NSW Transport Minister Andrew Constance said replacement buses had been sent out ahead of the  looming storm. Engineers were investigating why the overhead wires went down.

“We’re looking at the root cause [but] it is a bit of a coincidence that we’ve had two of our major networks taken out during the height of the bad weather,” Mr Constance told the ABC.

BOM meteorologist Jackson Browne said the storms would move south towards Sydney and the Illawarra and continue into Saturday.

“Strong, moist easterly flow in the Tasman Sea is pouring into the NSW Great Divide, with a coastal trough forming, providing a focus for heavy rainfall,” he said.

Mr Browne said the coastline should expect to get drenched throughout the weekend. The bureau has forecast up to 300 millimetres of rain from Thursday night to late Sunday.

On Friday morning, the BOM raised the alert level.

Flood watch alerts have been issued for the mid-north coast, Hunter, Central Coast, Sydney metro and Illawarra coast and far west areas.

Newcastle and other parts of the Hunter also saw torrential rain. Photo: YouTube

NSW SES assistant commissioner Sean Kerns said drivers should reconsider their travel and avoid driving in flood waters. He said the service’s volunteers were preparing for a difficult weekend.

“We are responding as we get calls for assistance, we are putting warnings out to local communities. At this stage there is a flood watch for 23 river catchments,” Mr Kerns told the Nine Network on Friday.

The biggest risk is on the mid-north coast. where the Orara, Bellinger and Hastings rivers are being closely watched ahead of expected minor to moderate flooding.

The Georges, Nepean and Hawkesbury rivers in the Sydney region are also expected to be affected.

Emergency services have warned conditions will remain dangerous and are telling motorists to take extreme care around flood warning areas.

The deluge is set to continue well into next week and could deliver the heaviest rainfall since February 2020, when greater Sydney was hit.

The mid-north coast copped the worst of the conditions on Thursday as a low-pressure system moves south to the Hunter, Illawarra and Sydney.
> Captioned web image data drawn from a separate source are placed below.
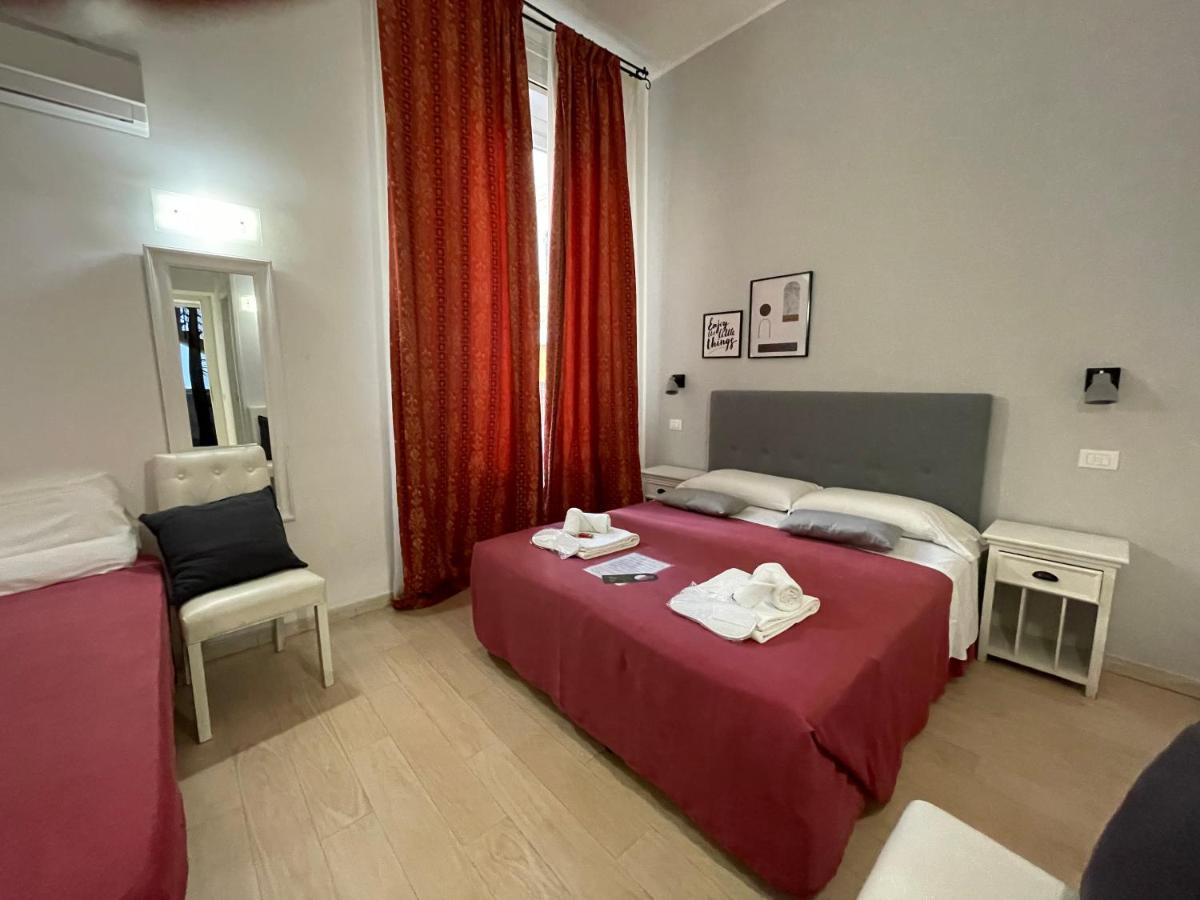 Ad Cavour Luxury Rooms - By Ad Roma Exterior photo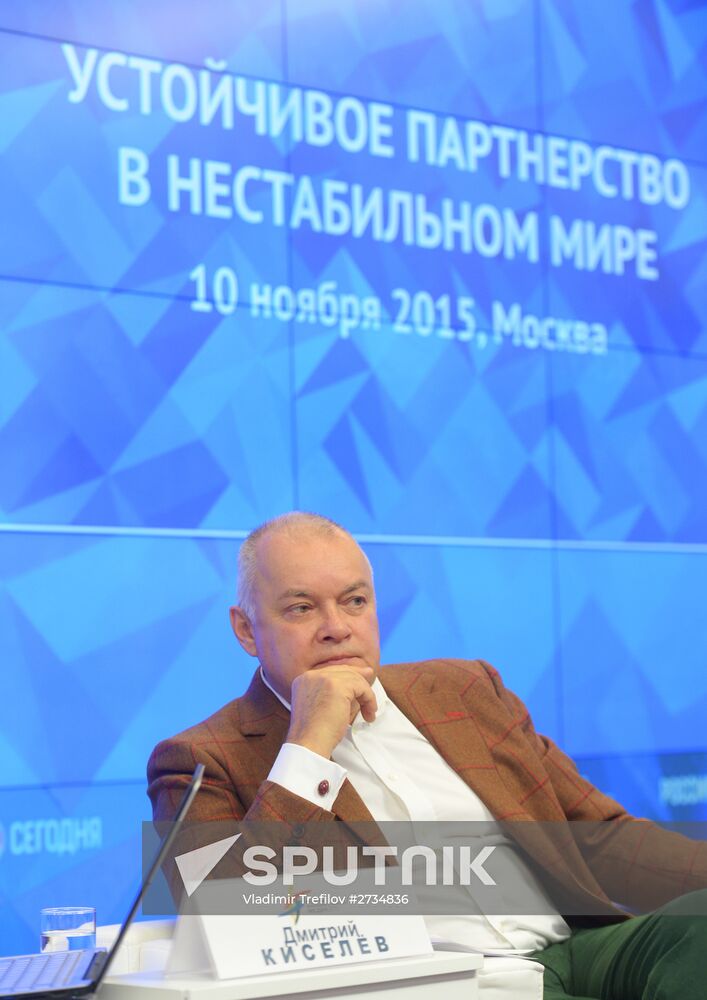 Moscow hosts 2015 Forum of European and Asian Media
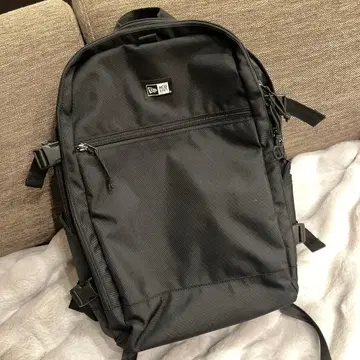 NEW ERA 블랙 백팩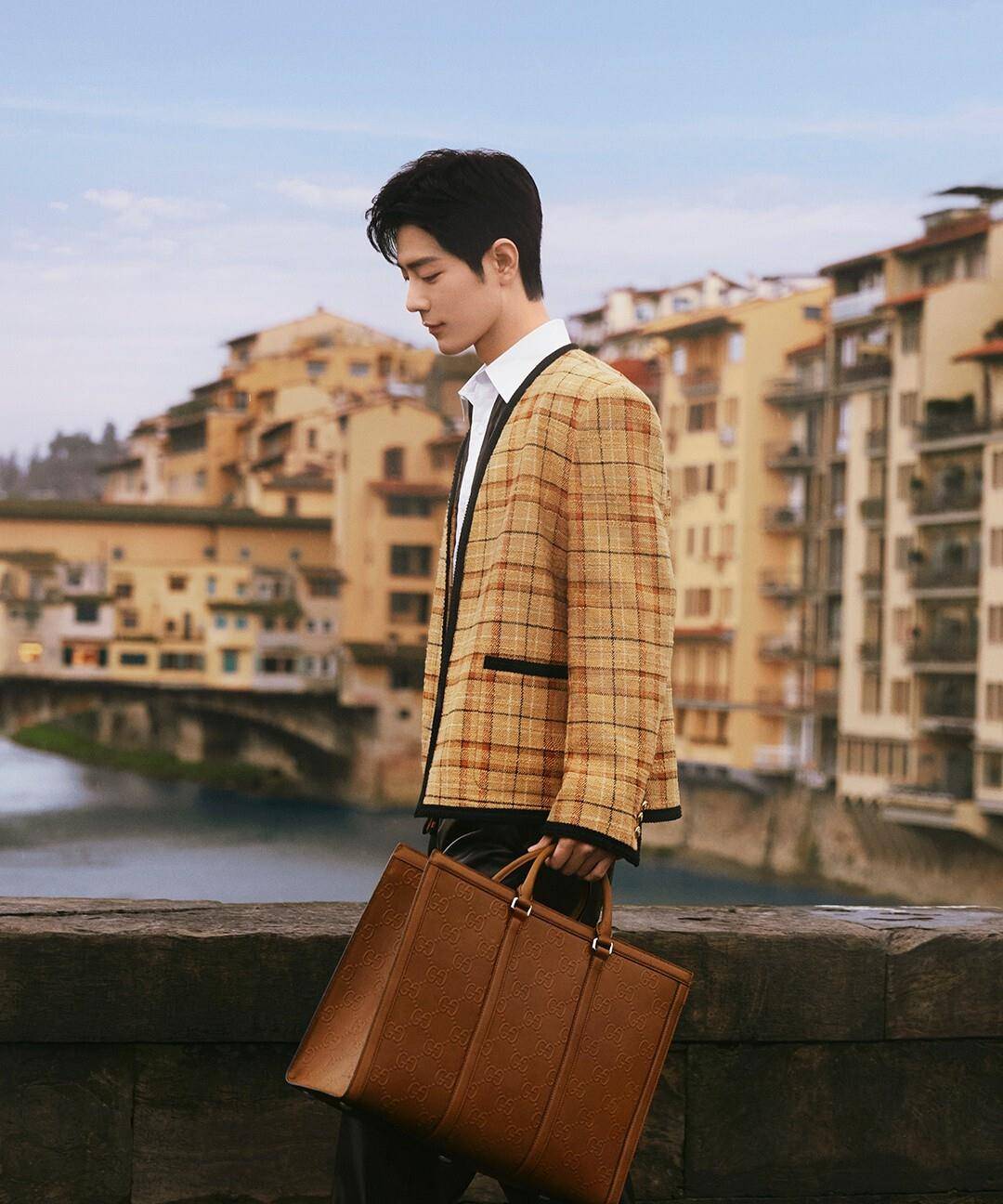 肖战的两块巨型蛋糕把对手吓了一跳,网友:这是吓唬对手的牌吗?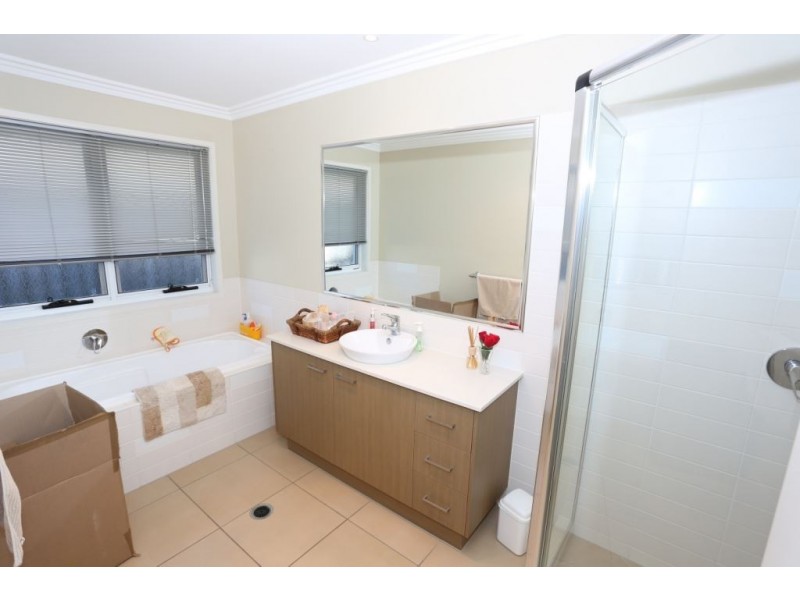 Coomera Waters QLD 4209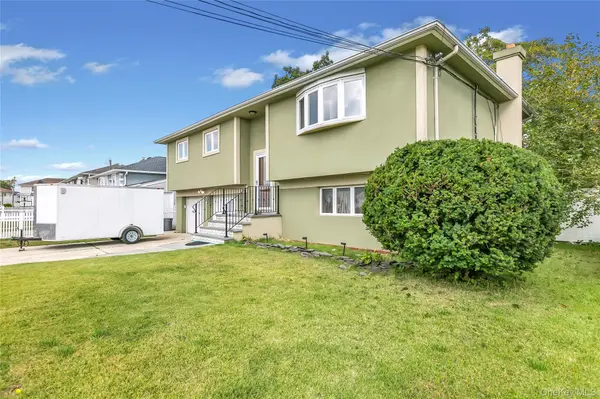 584 Yale ST, Oceanside, NY 11572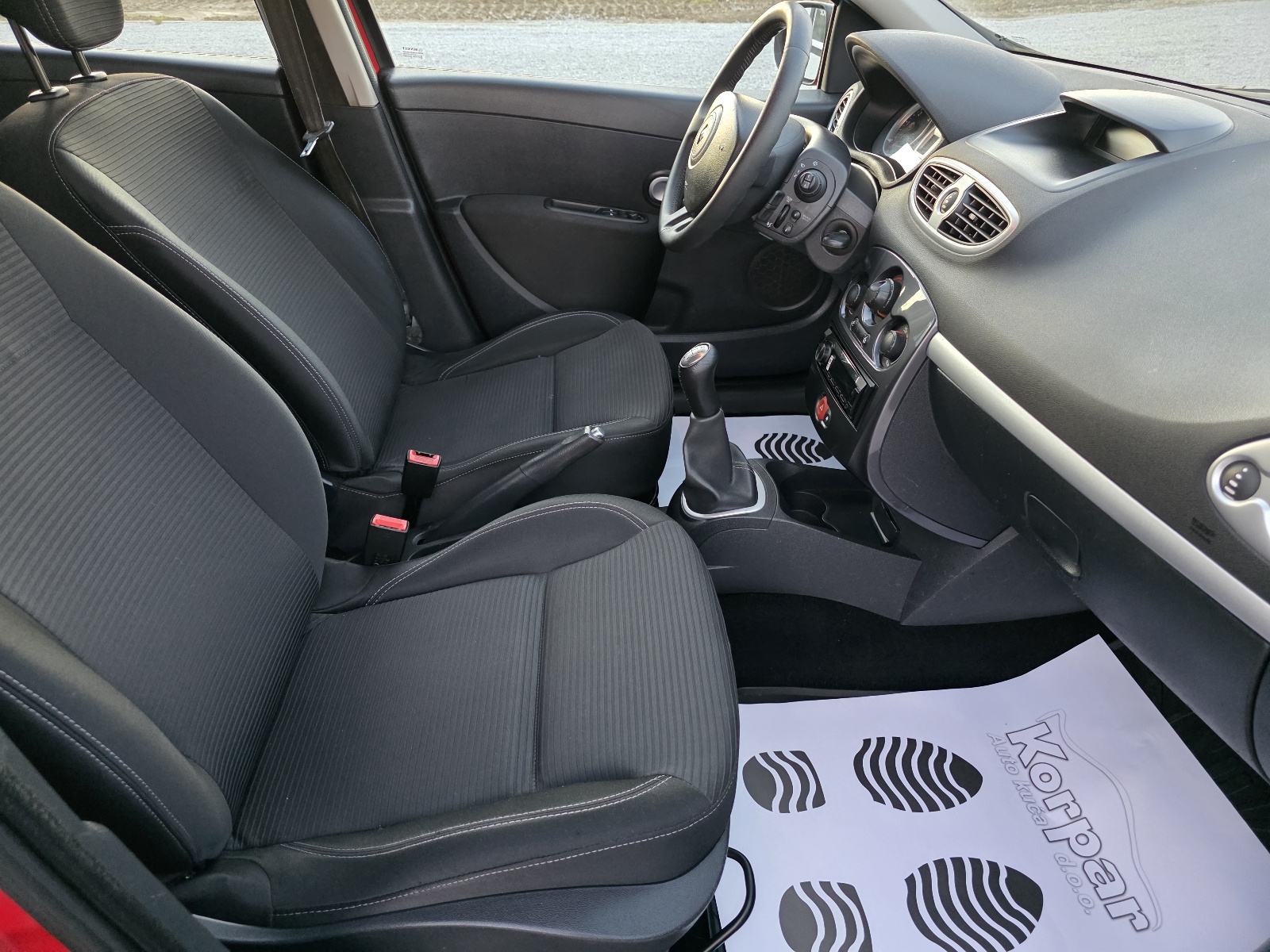 Renault Clio 1,5 dCi,MOGUČI BRZI KREDITI, PLAČANJE KARTICAMA, fotografija 14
Catchments are already soaked and it won’t take much more for them to flood, the BOM’s Agata Imielska said.

“It’s the difference between being inconveniently wet to conditions drastically changing to being dangerously wet,” she said.

The bureau said the low-pressure system was a “significant system” bringing peak gusts of more than 90km/h.

Forecasters say more than 100 millimetres of rain is expected in a short period of time in some regions.

“We’re very concerned about the potential for flooding along the coastal rivers from the mid-north coast down to Sydney,” bureau flood operations manager Justin Robinson said.

Towns likely to be affected include Coffs Harbour, Port Macquarie, Taree, Woolgoolga, Sawtell, Bellingen and Dorrigo.